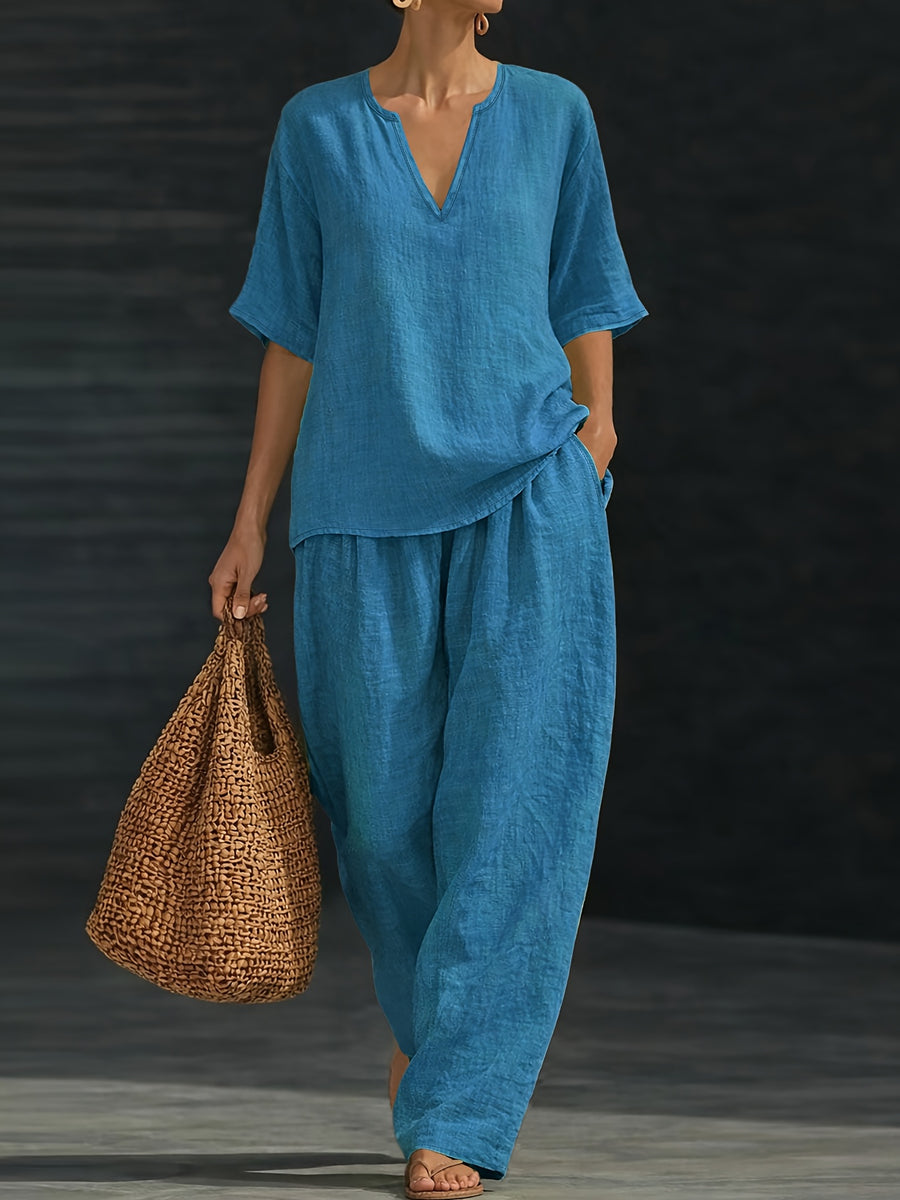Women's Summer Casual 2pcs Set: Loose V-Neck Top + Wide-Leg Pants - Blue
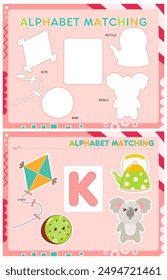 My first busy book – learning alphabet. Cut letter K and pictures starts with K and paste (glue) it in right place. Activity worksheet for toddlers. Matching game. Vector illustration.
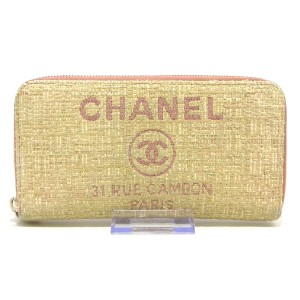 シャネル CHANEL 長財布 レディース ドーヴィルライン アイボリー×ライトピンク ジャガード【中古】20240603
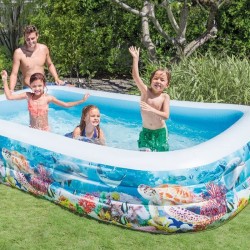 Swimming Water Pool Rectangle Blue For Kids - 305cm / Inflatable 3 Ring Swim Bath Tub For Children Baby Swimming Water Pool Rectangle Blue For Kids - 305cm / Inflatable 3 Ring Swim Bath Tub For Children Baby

» **Description of the task**
In your reply, every line of the material should appear exactly as written, and no picture should.

» **Result below**
Women's Summer Casual 2pcs Set: Loose V-Neck Top + Wide-Leg Pants - Blue
 My first busy book – learning alphabet. Cut letter K and pictures starts with K and paste (glue) it in right place. Activity worksheet for toddlers. Matching game. Vector illustration.
 シャネル CHANEL 長財布 レディース ドーヴィルライン アイボリー×ライトピンク ジャガード【中古】20240603
 Swimming Water Pool Rectangle Blue For Kids - 305cm / Inflatable 3 Ring Swim Bath Tub For Children Baby Swimming Water Pool Rectangle Blue For Kids - 305cm / Inflatable 3 Ring Swim Bath Tub For Children Baby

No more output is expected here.